As the Company purchased electricity in the forward market to meet its regulatory obligations, its objective was to manage load and resources so that any excess power in off-peak demand periods could be sold into the market to partially fund power purchases required for peak demand periods. The forward market required the Company to purchase blocks of power to meet peak demand. Those purchased blocks of power left the Company with excess power in the shoulder hour periods (early morning and late evening). As the forward prices began to drop, the value of surplus off-peak power declined. This decline in prices resulted in the Company selling power it had committed to purchase, that was in excess of its own requirements, for amounts substantially less than the Company's average purchase costs. These power purchases in excess of requirements occurred primarily in the shoulder hour periods.
The Company has outstanding commitments to purchase power to fulfill its regulatory obligation and to avoid being supply constrained. Certain of these commitments are above current market prices as a result of price movements since the Company entered into the contracts. Depending on load requirements, the Company may have power in excess of its own requirements, primarily in the shoulder hour periods. The actual impact of these purchases on the Company will depend on market prices for electricity at the time the purchases occur, the amount for which excess power can be sold, the load requirements at those times and the amounts that can be recovered through regulated rates.
19
In an effort to mitigate the discrepancy between prices paid to purchase power and revenues received through regulated rates, the Company has requested and received regulatory approval from the utility commissions in the states of Utah, Idaho, Wyoming and Oregon to defer for each state some or all of the net power costs that vary from costs included in determining retail rates. During the 2002 period, the Company deferred $119 million (plus carrying costs of $20 million) under these orders. In total, the Company has a balance of $260 million of net deferred power costs. The Company has received orders to recover $23 million annually of these costs (subject to refund pending the outcome of prudence reviews) and is working with state commissions to seek recovery of the remaining amounts. The Company intends to continue to defer any power costs in excess of costs assumed in tariff rates in those jurisdictions where it has received orders to do so. See Part II, Item 5. "Other Information" for more information on the status of these regulatory proceedings.
Effective June 19, 2001, a price mitigation plan was imposed by the FERC that limits prices on spot market sales in California 24 hours a day, seven days a week until September 30, 2002. The price limits are determined based on a calculation that involves the price of natural gas in California, the heat rate of the least efficient gas fired generation plant in California and a fixed factor to account for other variable costs. When reserves in California exceed 7%, the wholesale price is limited to 85% of the price established under the Commission's formula during the most recent hour that reserves fell below 7%. Sellers have an opportunity to justify prices above the capped limit to the FERC. However, entities reselling power that was purchased are not permitted to seek prices above the capped limit.
On July 25, 2001, the FERC issued an order that extended the California price limits to all wholesale spot market sales to the entire 11-state western region.
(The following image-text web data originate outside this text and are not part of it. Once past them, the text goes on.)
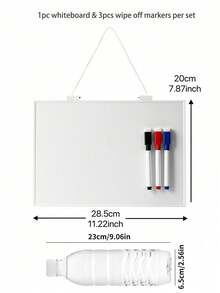 1 bảng trắng xóa khô khổ A4 có dây treo tường, bảng trắng xóa khô nhỏ, bảng trắng treo tường kèm 3 bút dạ từ tính, bút xóa được cho trẻ em, viết tin nhắn có thể xóa được, vẽ, đồ dùng học tập và gia đình - Nhiều màu - Xem 9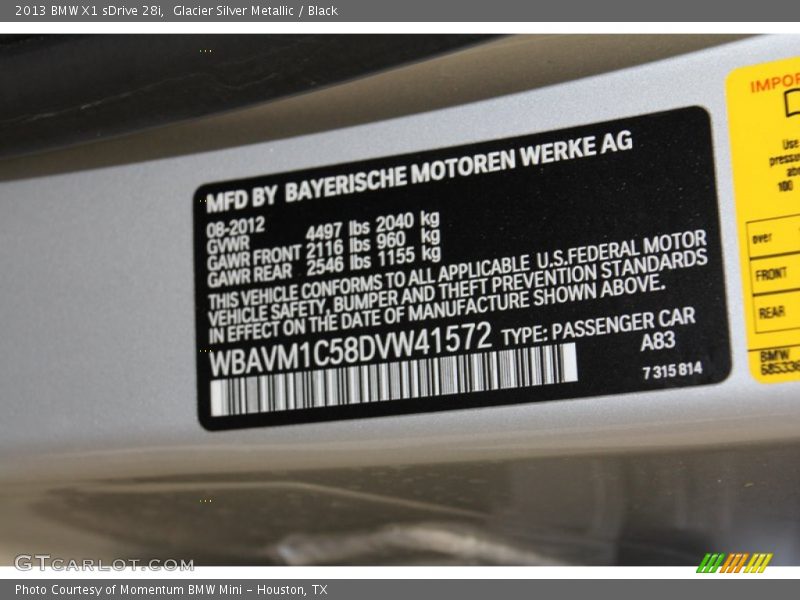 Glacier Silver Metallic / Black 2013 BMW X1 sDrive 28i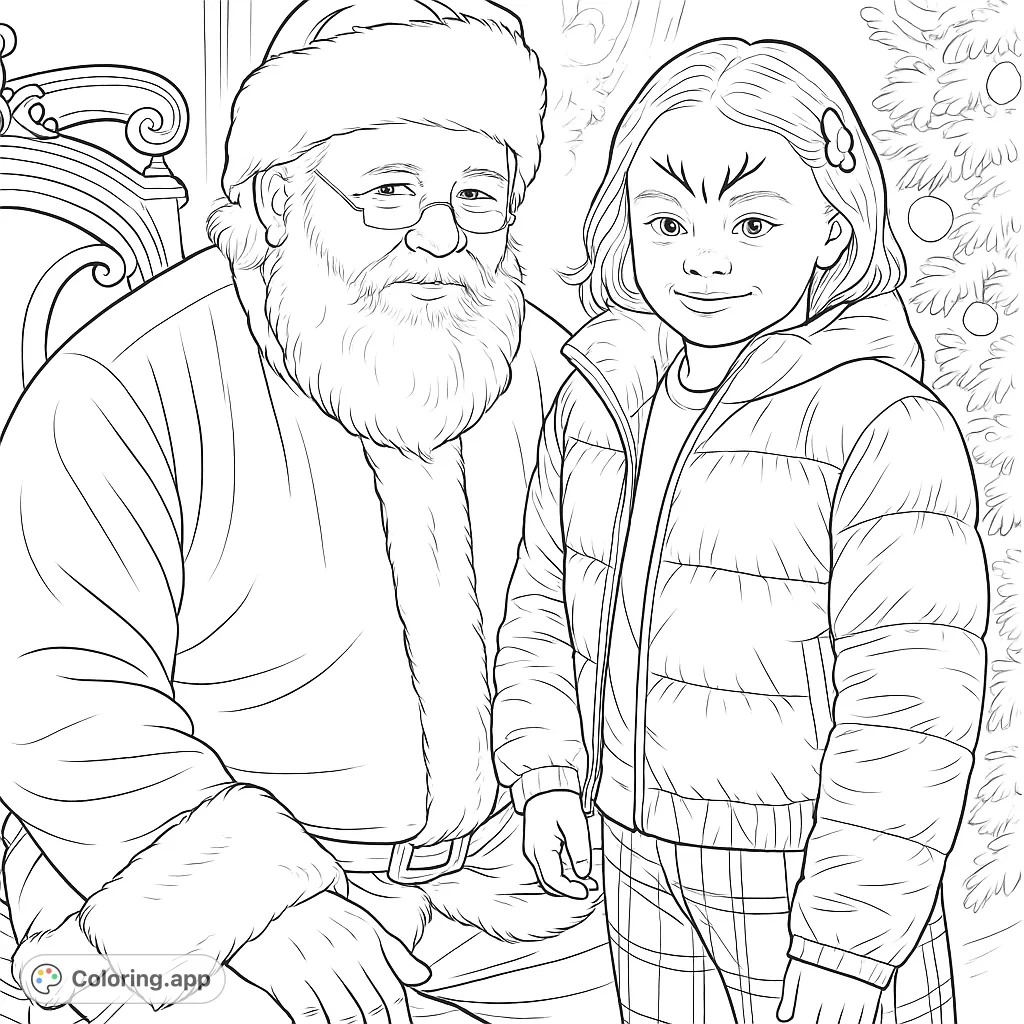 A festive scene featuring a traditional jolly figure with a long beard and a young child with reindeer facial markings, ready for holiday coloring fun.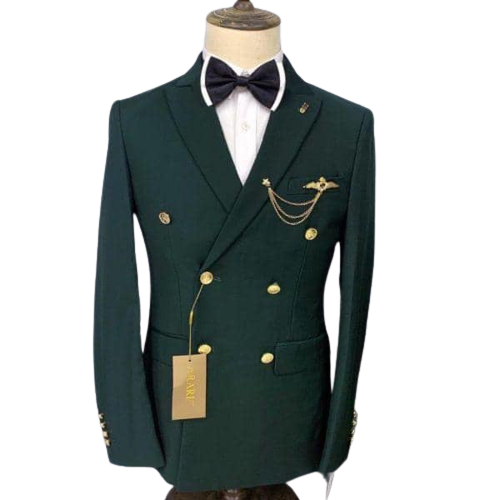 Image de Ensemble Costume Homme croisés 2 Pièces , 6 Boutons  Veste + Pantalon, Vert pétrol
On December 19, 2001, the FERC revised the methodology used to calculate the price limits for the winter season. The mitigated price for all hours until May 1, 2002, was raised to the full amount of the last calculated price cap when reserves in California fell below 7%. The price limit will be increased further when the indices for natural gas prices used to establish the mitigated price increase by 10%. On May 1, 2002, the price limit will again be calculated using the original methodology until the price limits expire on September 30, 2002.
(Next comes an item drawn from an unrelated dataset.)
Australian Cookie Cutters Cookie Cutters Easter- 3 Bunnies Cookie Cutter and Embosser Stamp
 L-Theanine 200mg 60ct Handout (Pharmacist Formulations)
The FERC's June 19, 2001 order also required that "all public utility sellers and buyers in the California ISO's markets participate in settlement discussions to complete the task of settling past accounts and structuring the new arrangements for California's energy future." The FERC also stated that "it is imperative that the parties reach agreement on: (1) the additional load that is to be moved from the spot market to longer-term contracts; (2) refund (offset) issues related to past periods; and (3) creditworthiness matters." The FERC appointed an Administrative Law Judge ("ALJ") to serve as a settlement judge. The Company and many others participated in a settlement conference convened by the ALJ during late June and early July 2001. On July 11, 2001, the ALJ issued a recommendation to the FERC based upon the settlement conference. The ALJ recommendation proposed a methodology to
20
calculate refund (offset) issues. The FERC agreed with the ALJ-proposed methodology. A proceeding before a second ALJ has been established to determine each party's refund liability. The Company's exposure to refunds will be dependent upon any order issued by the FERC in response to the outcome of these proceedings. The impact of refunds on counterparties in the market with whom the Company transacts purchases and sales, or any potential impact on financial markets that make funds available to companies operating in the western states, cannot be determined at this time.
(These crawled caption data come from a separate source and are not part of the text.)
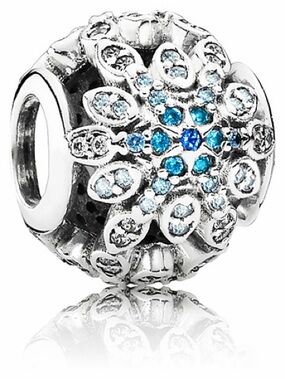 Pandora Rare Retired Crystallized Snowflake Charm with Ice Blue Crystal & Zc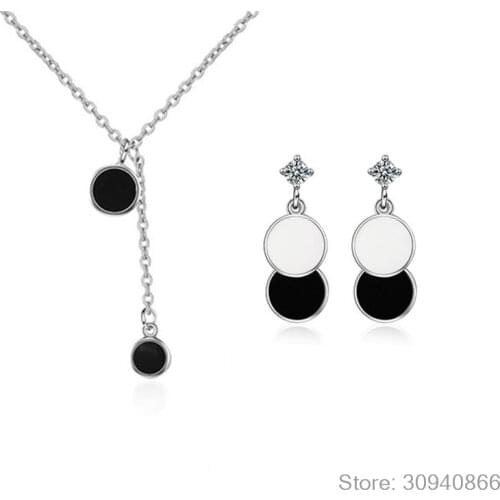 925 Sterling Silver Jewelry Sets Epoxy Black Round Wafer Necklace+Earrings For Women Korean Fine Jewelry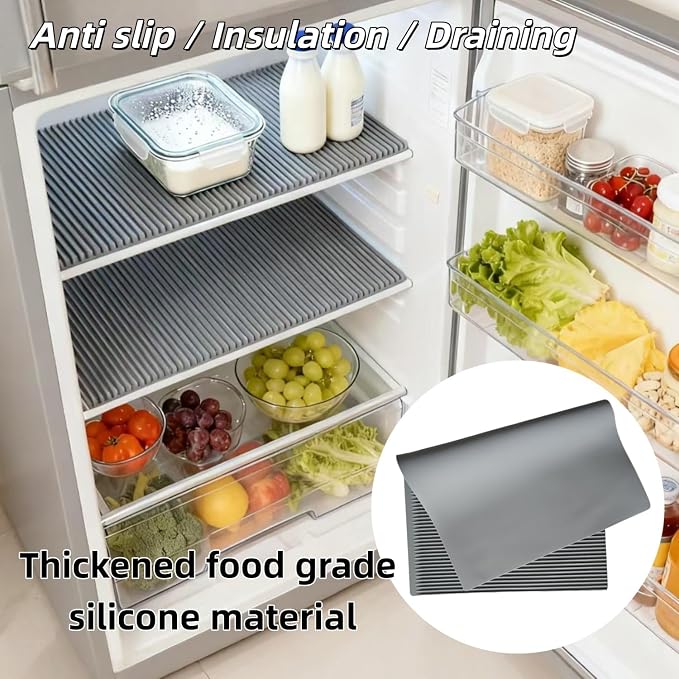 Refrigerator Mats 3PCS Silicone Shelf Liners Refrigerator Mats Heat Resistant Cup Pad Multifunctional Pads Drawer Table Placemats Gray/Blue/Clear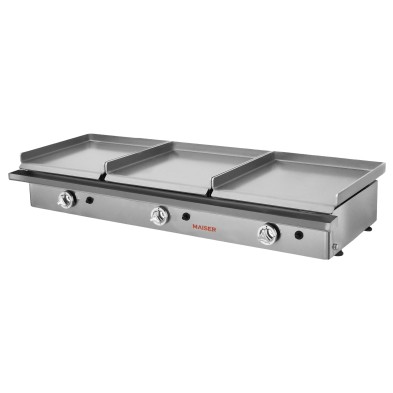 Plancha gas triple placa 40x3 acero rectificado de 8 mm.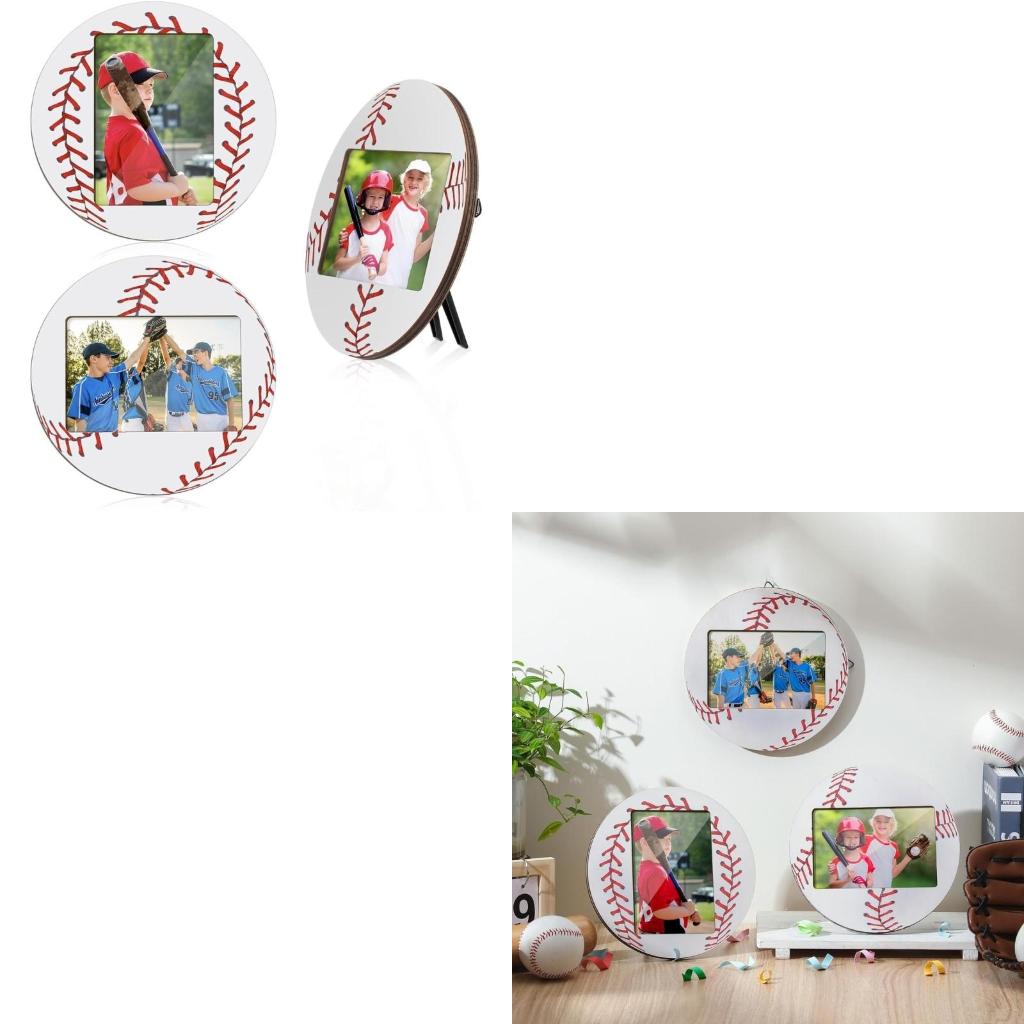 Set di 2 Cornici per Foto Baseball Calcio per Amante dello Sport Porta Foto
The FERC has also established a second proceeding to consider the possibility of requiring refunds for wholesale sales in the Pacific Northwest between December 25, 2000 and June 20, 2002. The ALJ recommended that FERC not require refunds for these sales. The Company's exposure to refunds will be dependent upon any order issued by the FERC in response to the outcome of these proceedings.
Shortly prior to and following the imposition of the FERC's price mitigation plan, the market prices for power declined to levels closer to those embedded in the Company's tariff structure. The method of determining the maximum price level under the plan does not guarantee that market prices cannot return, periodically or for a sustained period, to the higher levels seen in the recent past. Volatility in market prices and demand, along with fluctuations in the FERC price mitigation controls, can significantly impact future results.
21
Comparison of the three months ended December 31, 2001 and 2000
|
December 31, |
|
% |
|
Millions of Dollars |
2001 |
2000 |
Change |
Change |
|
|
|
|
|
|
|
|
|
|
|
5.6 113.4 58.5 21.6 33.3 (1.9) $ 31.4 |
(7.7) 83.3 60.7 8.2 14.4 (4.5) $ 9.9 |
13.3 30.1 (2.2) 13.4 18.9 2.6 $ 21.5 |
|
|
3,400 4,760 162 11,806 6,131 17,937 |
|
(96) (172) (8) (530) (2,492) (3,022) |
|
|
|
|
|
|
|
|
|
|
|
22
Summary of Results
Domestic electric operations had operating profit before interest and taxes of $113 million, representing a $30 million increase from the prior year period. Excluding the $24 million favorable impact during the quarter of applying SFAS No. 133, Domestic electric operations' operating profit before interest and taxes was $89 million, or an increase of $6 million from the prior year period. During the third quarter of 2002, the Company experienced a drop in the previously high short-term firm and spot market purchased power prices. For a discussion of the factors affecting the market price of power, see "Overview" above and "Item 7. Management's Discussion and Analysis of Financial Condition and Results of Operations - Overview of 2001" in the Company's Annual Report on Form 10-K for the year ended March 31, 2001. Lower market prices contributed to a decrease in wholesale sales of $453 million, from $690 million in 2001 to $237 million in 2002. However, this decrease was more than offset by a $499 million decrease in purchased power costs from $850 million in 2001 to $351 million in 2002 (net of $73 million deferred for costs that vary from costs included in current rates). Domestic Electric Operations also experienced a $12 million increase in other revenues. Domestic electric operations had a $58 million, or 33%, increase in other operations, maintenance, administrative and general expenses and taxes, other than income taxes.
Revenues
Total Domestic electric operations revenues decreased $440 million, or 33%, to $883 million in 2002. This decrease was attributable to decreases in wholesale sales of $453 million, a $1 million increase in retail revenues and a $12 million increase in other revenues.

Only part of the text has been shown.